【ケニー佐川:Webikeニュース編集長】

師走に入り本格的な冬がやってきた。ライダーにとって厳しい季節の到来だ。今回は冬を安全に乗り切るためのポイントについて考えたい。

停車時はバイクを日向に置く

気温が下がる冬場にまず注意したいのがタイヤ。低温になるほどタイヤのグリップ性能も低下してくる。冬でもある程度の時間走行していれば自然とタイヤも温まってくるが、夏に比べると3倍以上は時間がかかると思ったほうがいい。自分の経験上、気温が10℃を下回ると急激にグリップ性能が低下してくる。
走り出しは時間をかけてタイヤを温めながら徐々に加速やブレーキを強めていき、コーナーでも徐々にバンク角を増やしつつ接地感を探っていく。
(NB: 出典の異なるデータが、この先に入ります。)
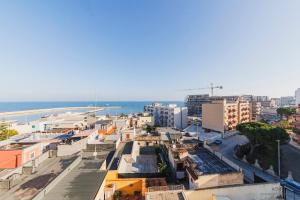 an aerial view of a city with the ocean at Wow Waterfront Apartment in Bari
周囲の安全をよく確認しつつ、少し強めにリアブレーキをかけてみるといい。簡単にロックしたり、ABSが入る場合はタイヤが冷えていると思っていい。
温まるにつれて路面としっかり摩擦している手応え(接地感とも言う)が出てくればひと安心だ。

特にタイヤのサイド部分はなかなか温まらない。慣れた交差点などでも急に倒し込むとバンク角は浅くても滑りやすいので注意が必要だ。また、停車時も冬はなるべく日向にバイクを置きたい。試しに素手で触ってみれば分かるが、日向と日陰ではタイヤの温まり具合はまるで違うはず。冬場は5分程度の休憩でもタイヤが冷えてしまうので、再スタートするときは最初からウォームアップするつもりで慎重に走り始めたい。

ツーリング日和の早朝に注意

参考までにだいたい3℃以下になると路面凍結の恐れが出てくる。東京などの都市部でも気温より路面温度が低くなることがあるので注意が必要だ。冬になると「放射冷却」という言葉をよく耳にすると思うが、これは地表の熱が奪われて極端に冷え込む現象のこと。「天気が良く」「乾燥した」「風のない夜間」に起こりやすい。
つまり、ツーリング日和の早朝が最も路面が冷えて危険な状況ということも心に留めておいてほしい。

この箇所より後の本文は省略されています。